Mesmo com a chamada ''lei seca'' - Lei 11.705 que alterou o Código Brasileiro de Trânsito e tornou ilegal o consumo de qualquer quantidade de bebida alcoólica por condutores de veículos - o trabalho dos médicos do PS não diminuiu. ''Depois do impacto inicial da medida, o nível de acidentes voltou ao normal'', aponta Traya.
Para o pesquisador Marcelo Piancastelli da Siqueira, do Instituto de Pesquisa Econômica Aplicada (Ipea), o investimento em medidas de prevenção, como a compra e utilização de bafômetros, é essencial. ''É a única forma de reduzir esse gasto absurdo que o País tem com acidentes de trânsito'', aponta.

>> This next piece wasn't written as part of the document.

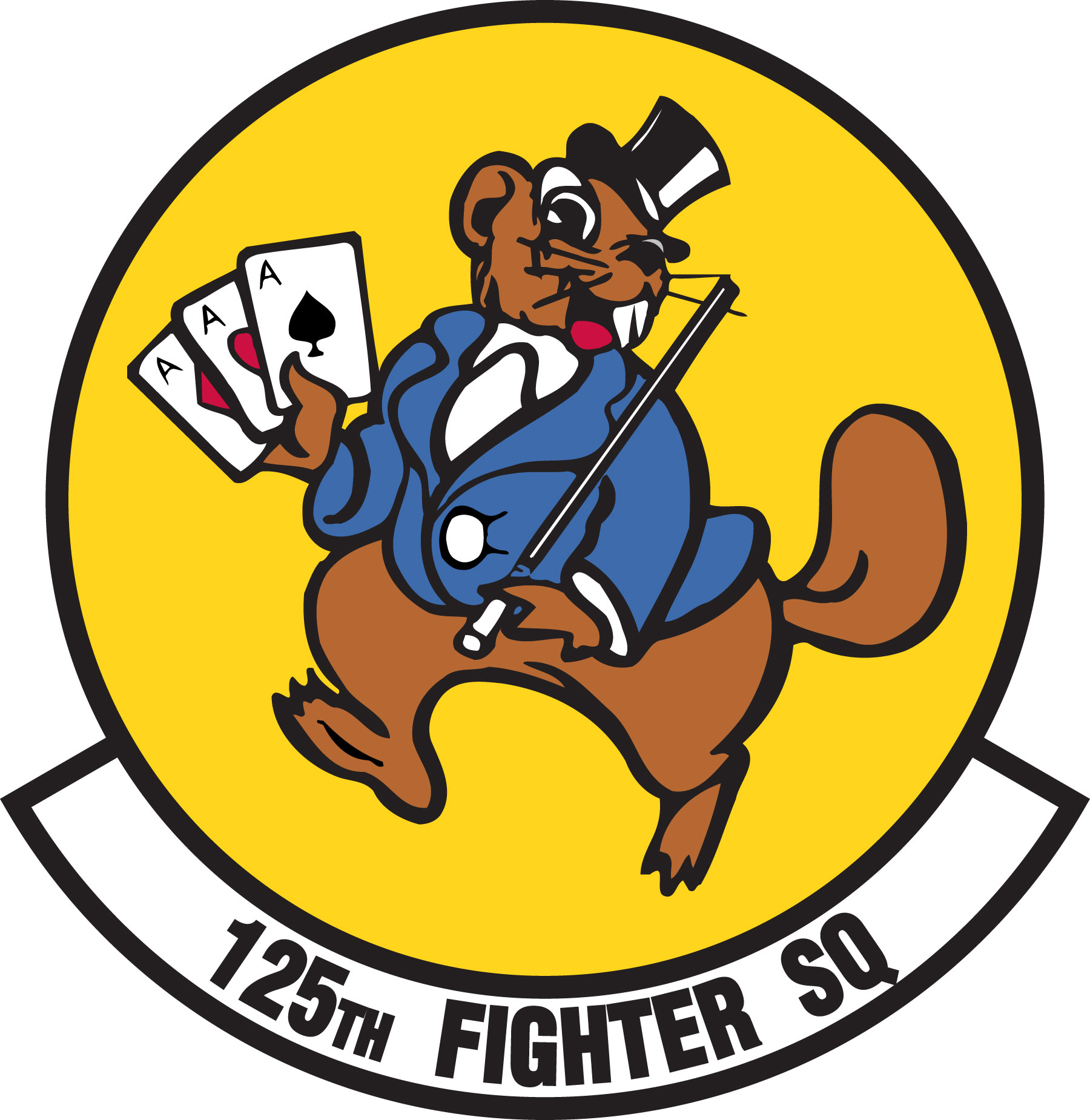 125th Fighter Squadron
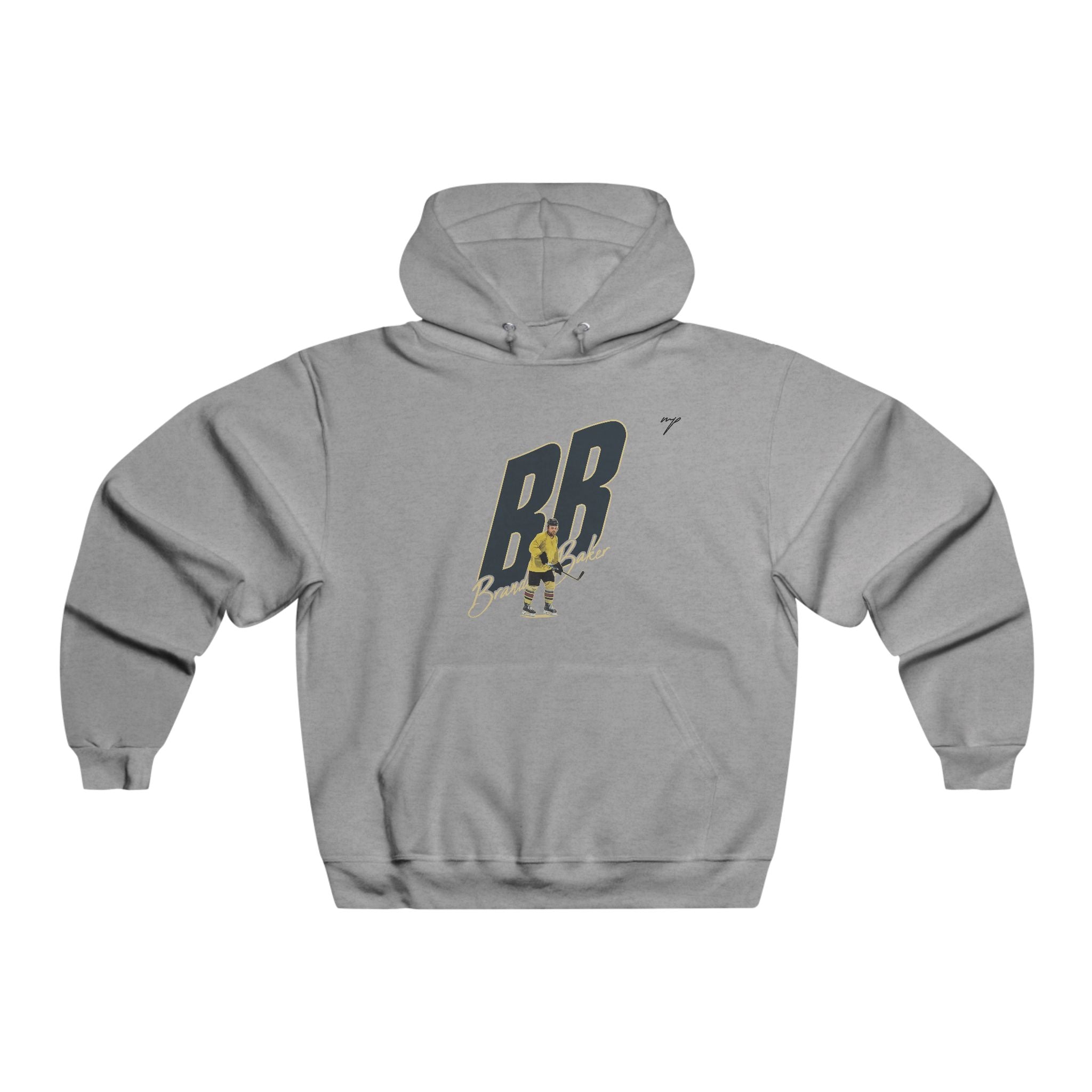 Brandon Baker Vintage Hoodie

''A polícia sabe os locais em que há maior incidência de motoristas alcoolizados. Bastava fazer a fiscalização com maior eficiência'', completa Piancastelli. Segundo Traya, no Hospital do Trabalhador são comuns também os atendimentos a viciados em crack e outras drogas ilícitas. ''A gente observa que certas drogas têm um grau de importância nos atendimentos que realizamos'', explica. (R.C.F.)